The records:
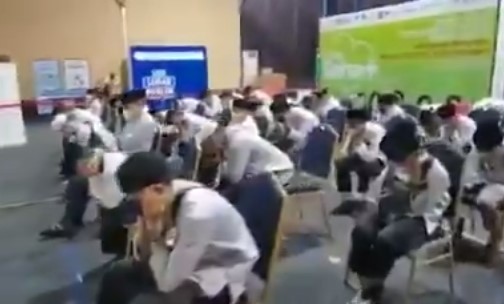 Santri Tutup Telinga Dengar Musik, Begini Hukum Lagu dalam Islam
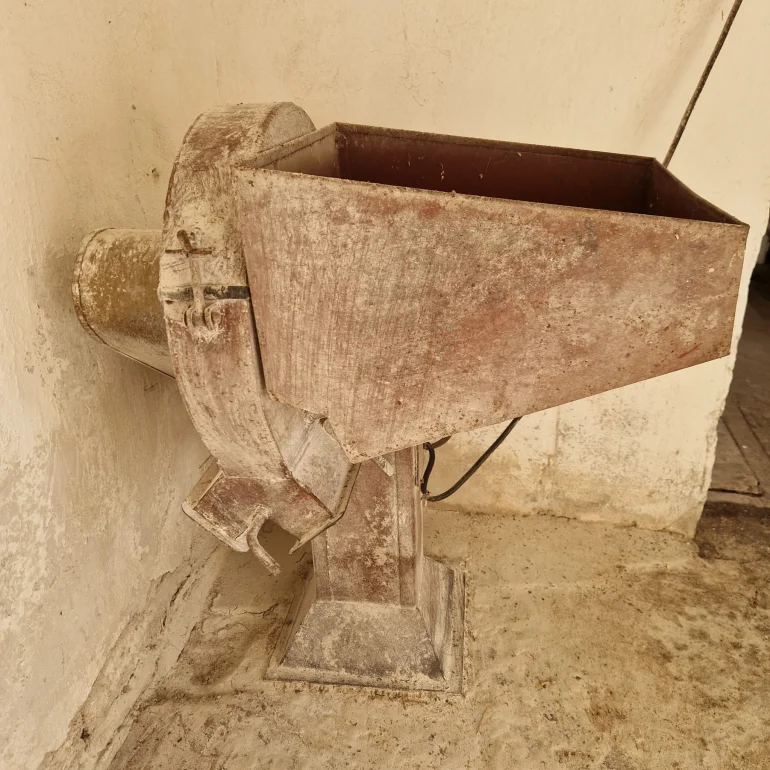 Śrutownik bijakowy do zboża, silnik 3 kW, zasilanie 400 V, sprawny, używany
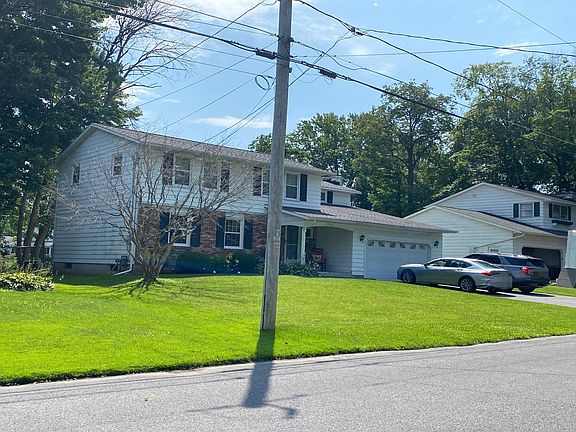 4th image of 7542 Glencrest Ave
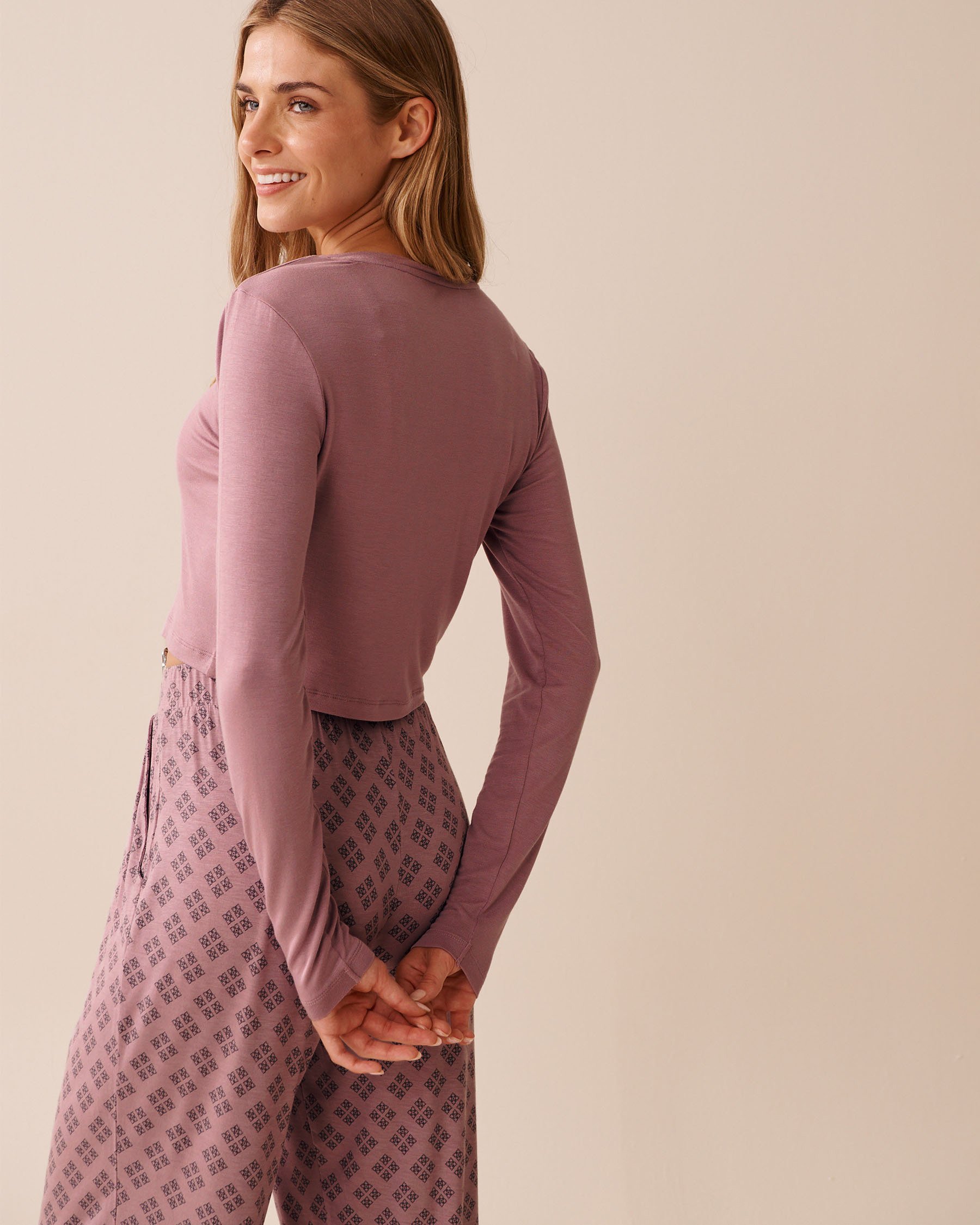 LA VIE EN ROSE Soft Jersey Long Sleeve Crop Top Mauve Pink 60100157 - View2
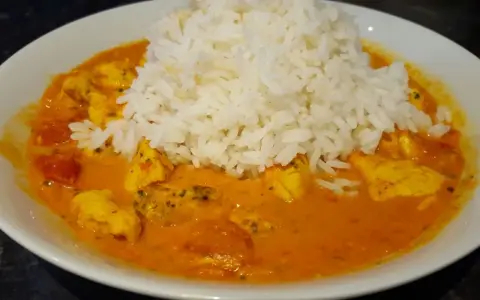 Kurczak curry z ryżem: przepis na sypki ryż i kremowy sos
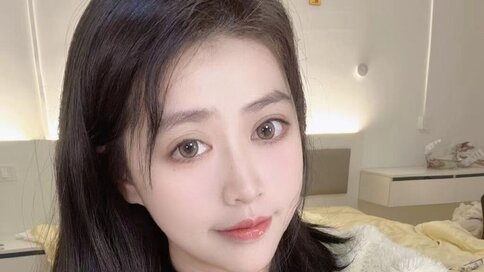 Chat With JoleneLiu Now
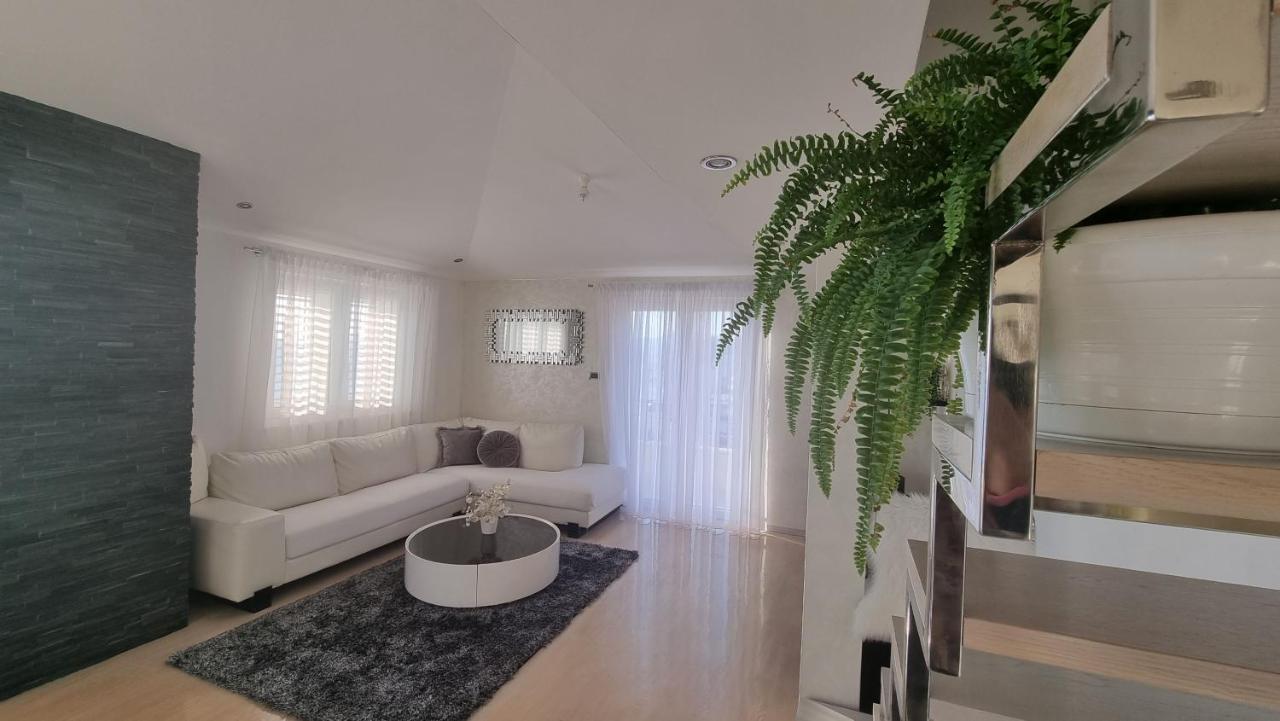 Dream Apartment Podstrana Luaran gambar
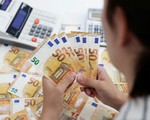 ECB chấm dứt chính sách nới lỏng tiền tệ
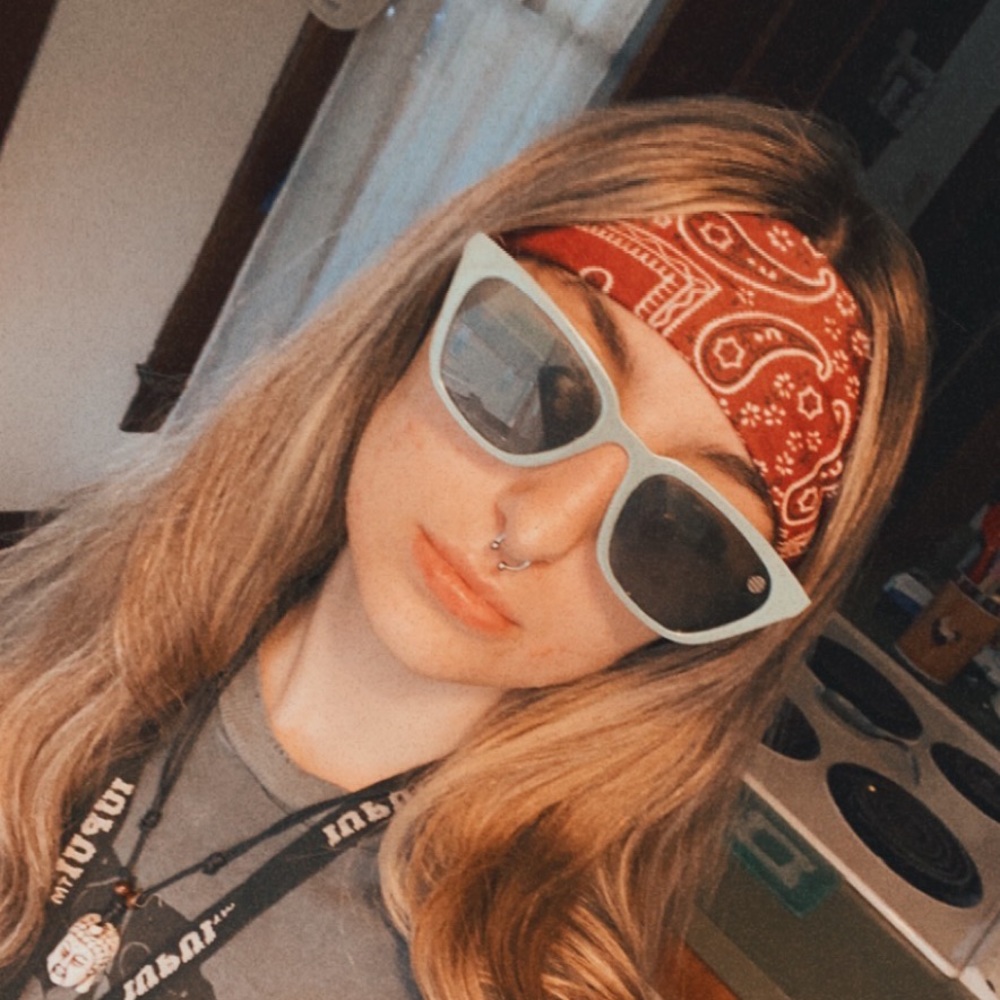 Meet your Posher, Ashlee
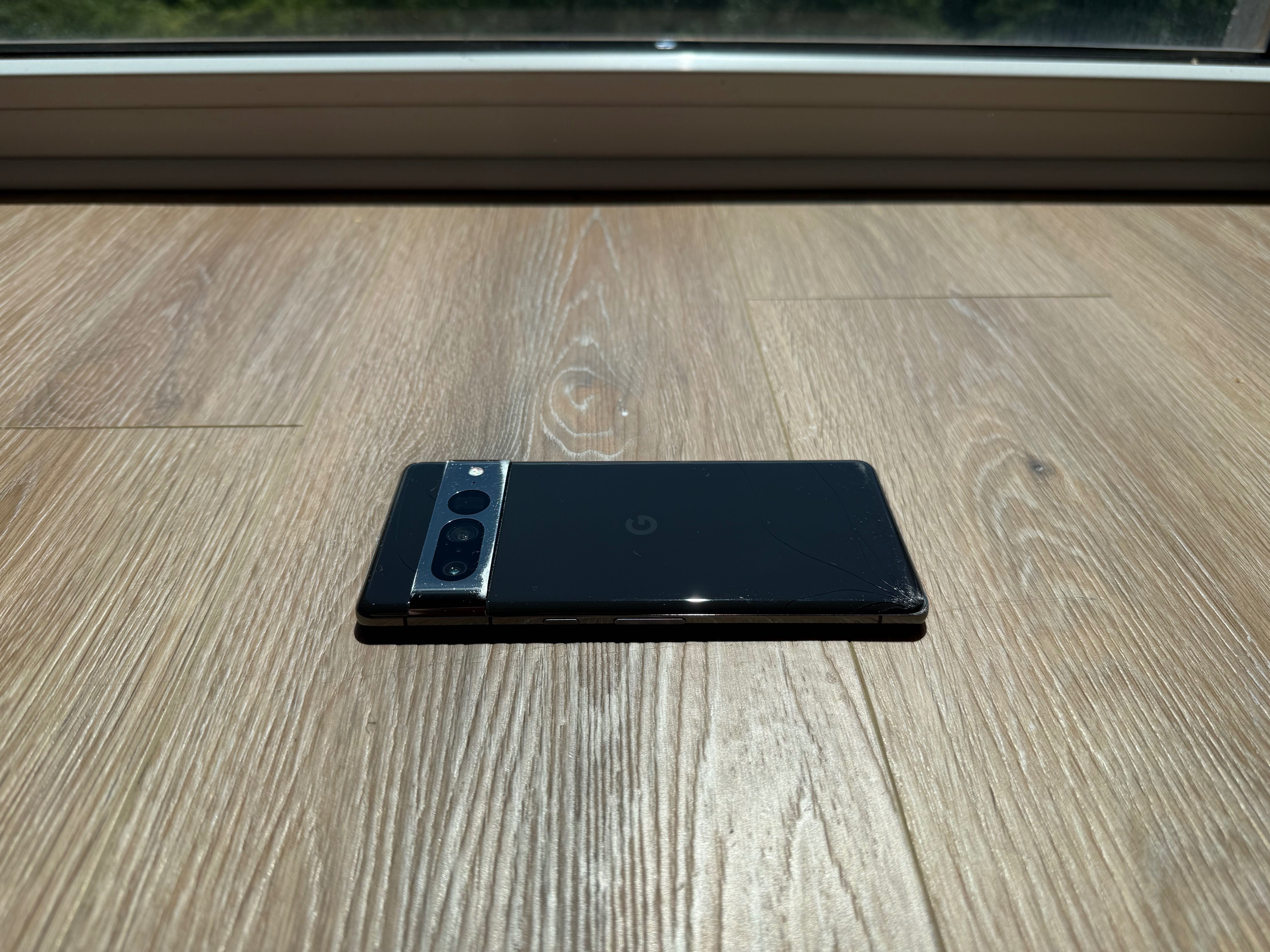 Google Pixel 7 Pro 128GB + ladowarka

Directions for this task:
Now repeat exactly the lines from the one with "Dream Apartment Podstrana Luaran gambar" through the end of the listing above, both included, omitting all pictures.

Response for this exercise:
 Dream Apartment Podstrana Luaran gambar
 ECB chấm dứt chính sách nới lỏng tiền tệ
 Meet your Posher, Ashlee
 Google Pixel 7 Pro 128GB + ladowarka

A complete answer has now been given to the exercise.